# Marriott Manor Club Sequel or Governor's Green?



## blr666 (Jun 27, 2013)

Hi,  I can get Marriott Manor Club Sequel 2 bedrooms or Governor's Green 3 bedrooms.   Which is better for a family with 5 kids, ages 2.5 to 13.5?  The kids like pools and arcades.   We will be visiting Williamsburg and Busch Gardens.    Thanks. 

Sent from my SPH-L710 using Tapatalk 2


----------



## Big Matt (Jun 27, 2013)

I like Manor Club a lot better, but you have to weigh options.  With Sequel you get two king beds and two sleep sofas (one in the studio).  So if the kids are okay with that set up you should be fine.  The activities center at Manor Club has a lot of things besides arcade games.  

Governors Green is closer to everything and within five minutes of about 50 restaurants.  Units are fine, but not as nice as Manor Club which was just updated on the Sequel side.


----------



## pedro47 (Jun 27, 2013)

Personally, I feel your children would like the Manor Club better because all the kids activities are on site. 

Plus there is a very nice golf course on site for the adults. 

Enjoy your stay in Colonial Williamsburg.


----------



## tschwa2 (Jun 27, 2013)

If you plan on being out and about most days and primarily using the resort to break up the heat of the day or enjoy in the evenings I would go with Governors Green.  The Manor club has sleeping for 8 and that is using every available sleep area.  Who wants to fold and unfold 2 sleep sofas every night?  The 3 br at GG has 2 bedrooms with king beds and the third has 2 double beds.  You would still have a very large living room/dining room/kitchen area that is not being used as a bedroom.  The outdoor pool is pretty nice at GG and for $5 a day you get wristbands for everyone on the days you want to go to Kingsgate to use their rec room.  If you plan on staying onsite for 2-3 whole days the activities might make it worth it to stay at Manor Club.

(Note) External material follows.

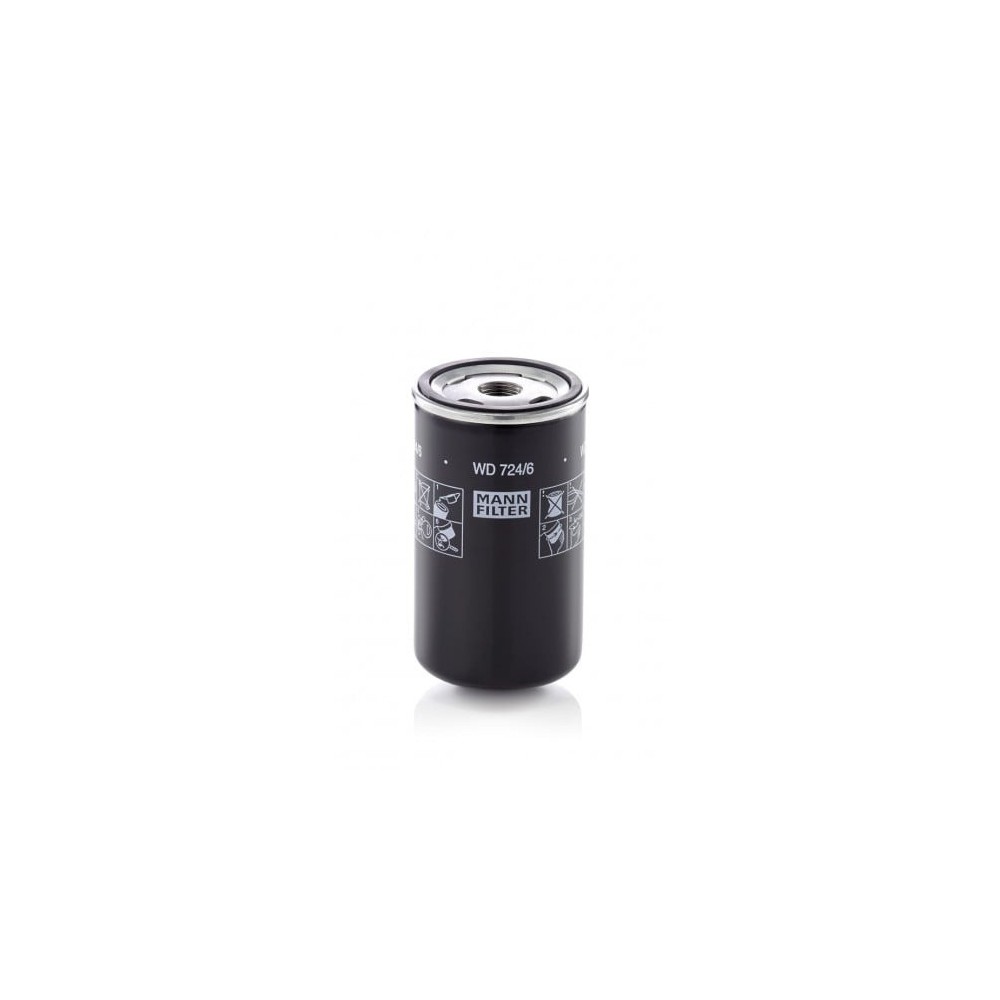 Hidrofiltrs, automātiskā pārnesumkārba MANN-FILTER WD 724/6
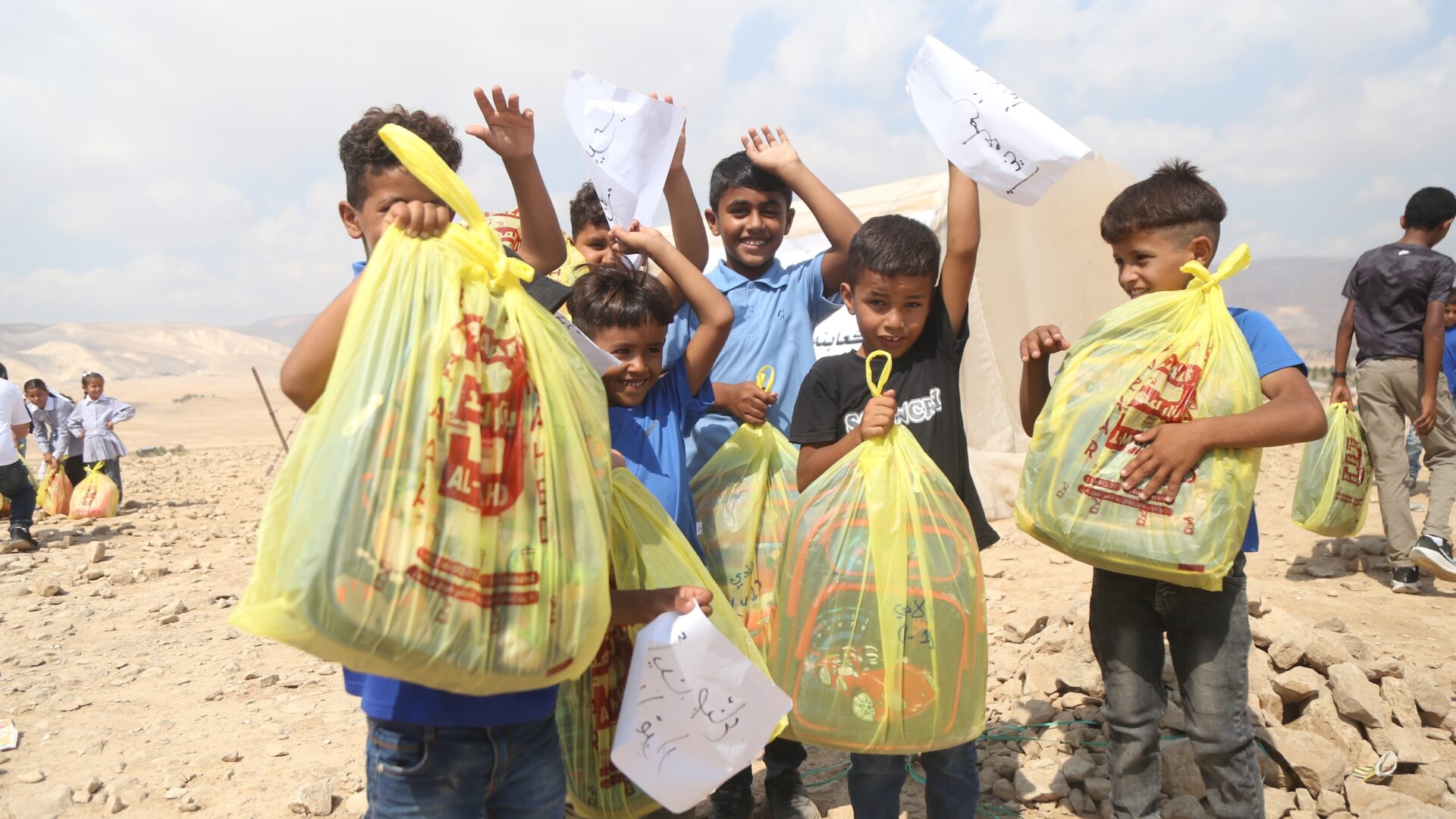 Emergency Humanitarian Response and Activist Resilience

Governors Green is usually Sun-Sun in II.  If you go don't think that the parks won't get even more crowded on Friday and Saturday.  They do especially water country which had lines that almost doubled on the weekend.


----------



## blr666 (Jul 1, 2013)

Thanks everyone.   I can also get a timeshare in Virginia Beach.   Is that a good area?   Any timeshare suggestions?   I can use RCI, I I,  and SFX.   Thanks.


----------



## pedro47 (Jul 1, 2013)

blr666 said:


> Thanks everyone.   I can also get a timeshare in Virginia Beach.   Is that a good area?   Any timeshare suggestions?   I can use RCI, I I,  and SFX.   Thanks.



Virginia Beach is an excllent City for a family vacation. You will have the beach, shopping malls, and some excellent local small amusment parks to use for your children. 

What are some of the names of the timeshare resorts you are looking at ?

Also, You will be about a hour away from Williamburg,VA (Colonial Williamsburg, Busch Garden & Water Country USA).

Warning !!!!! The traffic from VA Bch to Williamsburg at some hours during the day (7:00AM - 9:00 AM and 3:30PM - 6:00PM) can be nigt mare. 

You need to read some information on The Hampton Roads Bridge Tunnel if you are planning on traveling from VA Bch to Williamsburg,VA.


----------